- _EXERCISE GOAL_
Each line from the beginning of the entries below through the line that includes "Le prince Albert" must be returned exactly as given.

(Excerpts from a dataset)
------------

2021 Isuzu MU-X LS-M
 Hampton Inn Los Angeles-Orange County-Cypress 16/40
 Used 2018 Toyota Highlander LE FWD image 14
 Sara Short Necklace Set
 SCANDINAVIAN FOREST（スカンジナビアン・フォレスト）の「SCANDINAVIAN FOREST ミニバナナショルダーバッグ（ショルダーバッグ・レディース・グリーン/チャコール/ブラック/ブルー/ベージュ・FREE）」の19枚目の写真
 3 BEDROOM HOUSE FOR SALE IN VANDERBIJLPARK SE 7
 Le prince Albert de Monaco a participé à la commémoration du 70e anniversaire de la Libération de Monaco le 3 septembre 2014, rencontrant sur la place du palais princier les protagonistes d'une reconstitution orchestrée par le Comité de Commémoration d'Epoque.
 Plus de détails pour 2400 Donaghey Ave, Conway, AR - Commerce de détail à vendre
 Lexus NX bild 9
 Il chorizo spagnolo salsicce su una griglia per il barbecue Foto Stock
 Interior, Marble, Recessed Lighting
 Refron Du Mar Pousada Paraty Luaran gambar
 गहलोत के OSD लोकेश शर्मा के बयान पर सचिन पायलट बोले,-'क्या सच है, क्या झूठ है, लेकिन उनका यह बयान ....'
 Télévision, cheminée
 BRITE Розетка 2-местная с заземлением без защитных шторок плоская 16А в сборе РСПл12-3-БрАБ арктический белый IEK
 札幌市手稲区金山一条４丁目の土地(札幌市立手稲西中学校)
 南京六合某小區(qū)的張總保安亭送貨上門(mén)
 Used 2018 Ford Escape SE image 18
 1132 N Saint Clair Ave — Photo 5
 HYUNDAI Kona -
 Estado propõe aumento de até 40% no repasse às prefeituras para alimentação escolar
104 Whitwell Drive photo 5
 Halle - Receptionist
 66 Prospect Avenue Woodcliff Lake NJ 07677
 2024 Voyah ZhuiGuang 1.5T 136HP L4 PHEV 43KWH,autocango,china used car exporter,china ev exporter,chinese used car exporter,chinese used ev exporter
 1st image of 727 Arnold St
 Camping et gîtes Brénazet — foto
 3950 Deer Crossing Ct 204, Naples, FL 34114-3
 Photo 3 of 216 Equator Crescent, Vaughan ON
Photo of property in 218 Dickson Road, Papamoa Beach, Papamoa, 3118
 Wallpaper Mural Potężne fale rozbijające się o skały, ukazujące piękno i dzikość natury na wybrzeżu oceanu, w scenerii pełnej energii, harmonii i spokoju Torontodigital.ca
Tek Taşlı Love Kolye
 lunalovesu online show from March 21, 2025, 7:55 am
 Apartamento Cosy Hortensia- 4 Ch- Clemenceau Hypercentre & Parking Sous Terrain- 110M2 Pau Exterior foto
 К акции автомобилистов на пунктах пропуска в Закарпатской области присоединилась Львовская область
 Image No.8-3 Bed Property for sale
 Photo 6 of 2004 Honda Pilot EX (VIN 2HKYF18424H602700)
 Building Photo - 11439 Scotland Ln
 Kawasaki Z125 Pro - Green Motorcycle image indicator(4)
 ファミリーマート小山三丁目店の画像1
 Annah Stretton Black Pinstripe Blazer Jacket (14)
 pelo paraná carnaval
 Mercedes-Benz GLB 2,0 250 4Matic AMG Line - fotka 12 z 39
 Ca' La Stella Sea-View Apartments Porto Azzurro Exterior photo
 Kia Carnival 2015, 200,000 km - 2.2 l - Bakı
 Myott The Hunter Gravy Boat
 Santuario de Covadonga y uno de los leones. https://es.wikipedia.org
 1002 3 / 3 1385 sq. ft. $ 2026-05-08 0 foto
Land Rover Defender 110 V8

------------

- _SOLUTION TO THE PROBLEM_
2021 Isuzu MU-X LS-M
 Hampton Inn Los Angeles-Orange County-Cypress 16/40
 Used 2018 Toyota Highlander LE FWD image 14
 Sara Short Necklace Set
 SCANDINAVIAN FOREST（スカンジナビアン・フォレスト）の「SCANDINAVIAN FOREST ミニバナナショルダーバッグ（ショルダーバッグ・レディース・グリーン/チャコール/ブラック/ブルー/ベージュ・FREE）」の19枚目の写真
 3 BEDROOM HOUSE FOR SALE IN VANDERBIJLPARK SE 7
 Le prince Albert de Monaco a participé à la commémoration du 70e anniversaire de la Libération de Monaco le 3 septembre 2014, rencontrant sur la place du palais princier les protagonistes d'une reconstitution orchestrée par le Comité de Commémoration d'Epoque.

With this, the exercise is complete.